** TASK **
Please print nothing but the lines from the one with "Masks of Fortune: Megaways in iSoftbet" to the last line of the records below, and omit pictures.

Collected data:
——

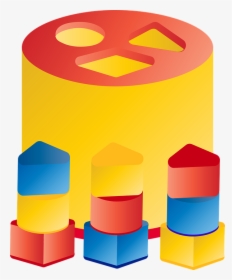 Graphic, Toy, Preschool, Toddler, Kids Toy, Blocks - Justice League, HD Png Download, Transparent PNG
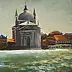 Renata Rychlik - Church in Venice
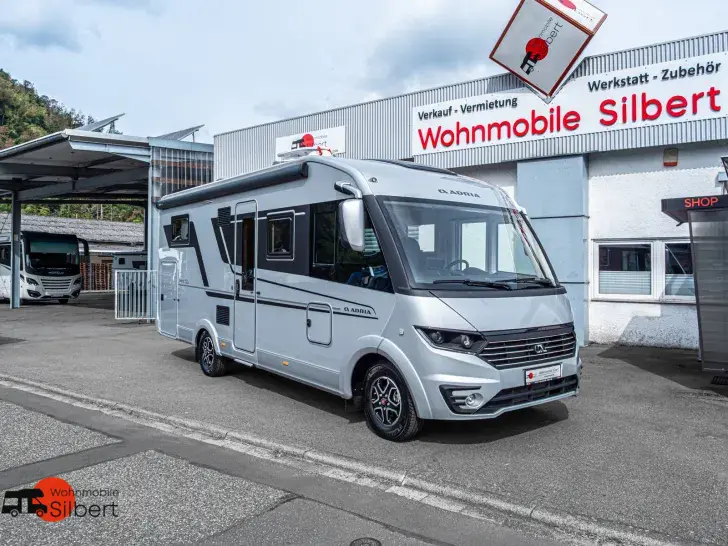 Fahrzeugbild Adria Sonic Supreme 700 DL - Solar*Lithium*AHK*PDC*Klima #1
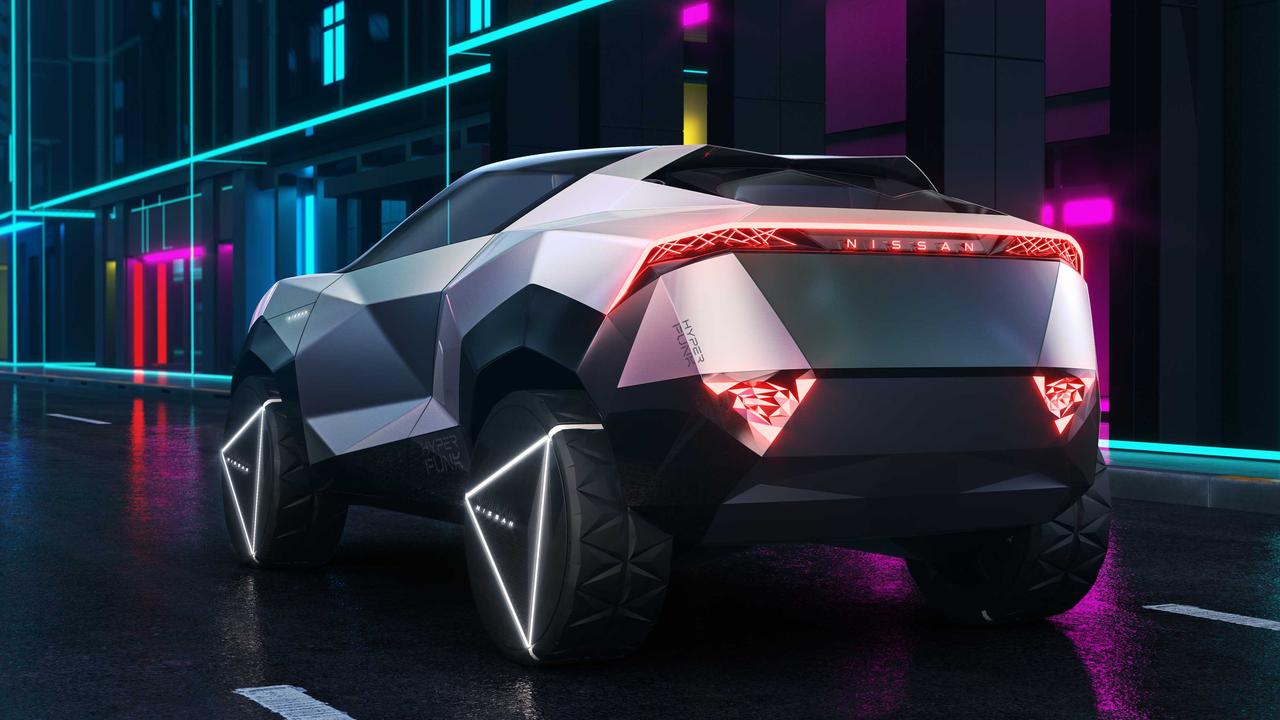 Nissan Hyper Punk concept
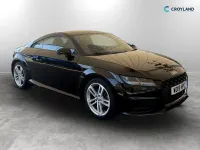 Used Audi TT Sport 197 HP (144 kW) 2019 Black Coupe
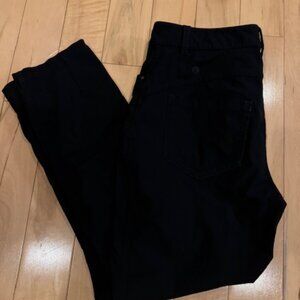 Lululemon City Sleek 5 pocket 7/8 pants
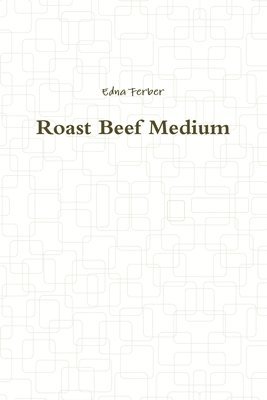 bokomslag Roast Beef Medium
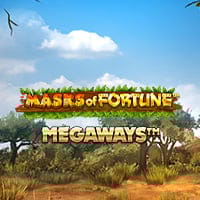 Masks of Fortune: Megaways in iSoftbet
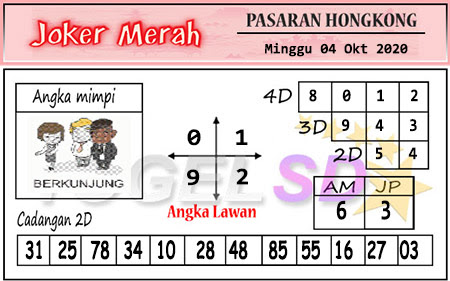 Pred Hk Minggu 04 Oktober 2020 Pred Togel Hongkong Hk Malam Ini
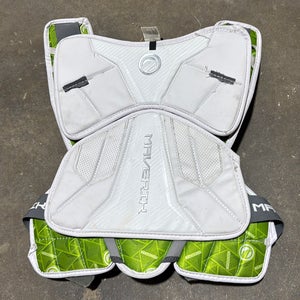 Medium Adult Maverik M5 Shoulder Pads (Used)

——

** EXPECTED ANSWER **
 Masks of Fortune: Megaways in iSoftbet
 Pred Hk Minggu 04 Oktober 2020 Pred Togel Hongkong Hk Malam Ini
 Medium Adult Maverik M5 Shoulder Pads (Used)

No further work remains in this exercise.